Y quizás el problema sea que desde Madrid estas fotos se diluyen. Porque no es lo mismo teóricamente saber que hay personas al mando que no respetan los derechos humanos en las tierras olvidadas que vivirlo en carne propia. No es lo mismo saber que ser mujer en una cultura que te quiere callada y vestida de negro campa cada vez más a sus anchas en esta tierra alejada que hablar de feminismo rodeada de la multiculturalidad que ampara las manifestaciones del 8M en las grandes capitales. No es lo mismo crecer a la sombra de Cristos tan altos como mi desesperación que verlos procesionar de lejos entre millones de ofertas alternativas que van desde el cine al teatro, pasando por museos y bares notables. No es lo mismo teóricamente oponerse a la extrema derecha que tenerla en frente cada día. No es lo mismo.
Y en esa foto en la Catedral de Astorga, la ciudad en la que me crié, el poder toma su posición porque ha sido votado. La milicia, el obispado, la extrema derecha, la derecha tradicional y la Semana Santa toda haciendo gala de su colmillo afilado. Atornillando victorias mientras convierten la magia de nuestros montes en un lodazal o perdemos cada vez más frecuencia y calidad de trenes en nuestro entorno y en conexión con el oxígeno que es a veces Madrid para quien no puede respirar otra cosa que penitencia y calumnias. Porque en Madrid te diluyes, en Madrid puedes ser rojo, en Madrid, es verdad, de alguna manera puedes ser libre. Y por eso hay derechas que ganan el relato: porque en su mentira hay un gran sello de verdad que sólo notan quienes están dolidos, agraviados, hartos de todos, tan hartos que ya sólo les queda creer en sus propios verdugos.
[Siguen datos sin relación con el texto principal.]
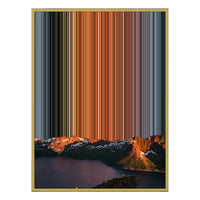 12×20" Metallic Float Frame Canvas - Gold Frame variant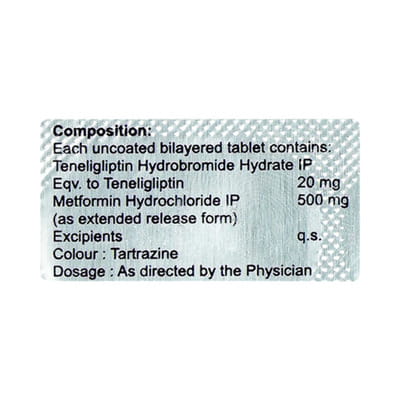 Tenlicret M 500mg/20mg Strip Of 10 Tablets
La política es una pocilga en la que también hay flores. Pero para que crezcan es necesario cuidarlas con esmero y poniendo mucho cuidado en la elección del abono que vamos a utilizar para hacerlas brotar sin quemarlas. Parece que olvidamos que si no nos unimos en cada rincón de este país quienes peor lo van a pasar son los de siempre: los olvidados, los nadies, los dueños de nada, los que valen menos que la bala que los mata. Lo dijo Galeano, sí, pero es probable que la frase valga para siempre.
Si la extrema derecha avanza es porque nuestros brazos tienen grietas. No nos lo podemos permitir y, sin embargo, ay, sin embargo, cuántos lujos nos damos sin calibrar la medida del golpe que nos puede aturdir. Quizás sea porque los búnkeres están comandados por quienes nunca caerán al piso, por quienes ya han olvidado este molesto abandono del que otros venimos.